#12
素晴らしい映画だった。
基本設定は、田宮&あやや『その夜は忘れない』とおなじなのだが、プラス挿話がうまい。
冒頭のお断り字幕で想像がついたが、ヒロシマ被爆者の問題が、こんなふうに描かれるとは思わず、最後30分は、涙がにじんできて、仕方なかった。
こういう映画が、日本ではなく、アイスランドでつくられたことを、あたしたち日本人は、考えるべきだと思う。
キャスティングも見事だった。
主役の若い時期を演じた2人と、呉の“息子”、その3人とも、いわゆる「二世俳優」で、それが、うまい効果を生んでいる。
もっとも驚いたのが、キャスティング・ディレクターをつとめた奈良橋陽子さんで、あんなに味のある芝居をするとは思わなかった。

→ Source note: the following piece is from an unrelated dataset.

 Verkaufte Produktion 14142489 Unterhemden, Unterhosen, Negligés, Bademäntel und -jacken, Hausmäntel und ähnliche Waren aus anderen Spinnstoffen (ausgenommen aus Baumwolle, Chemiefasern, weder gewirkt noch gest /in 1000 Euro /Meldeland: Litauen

『SHOGUN』もそうだが、日本人がキチンと参加して描かれた海外作品が、またひとつ増えた。
この映画、あまりに宣伝不足だと思う。
原作邦訳が出ていることにも、触れていない。
あまりやる気が感じられず、残念。
本来なら、『敵』同様、シニアで満席になっておかしくない名作ではないか。
プログラムも内容ゼロ。
せめて、日本のロケ地紹介くらいは、載せてほしい。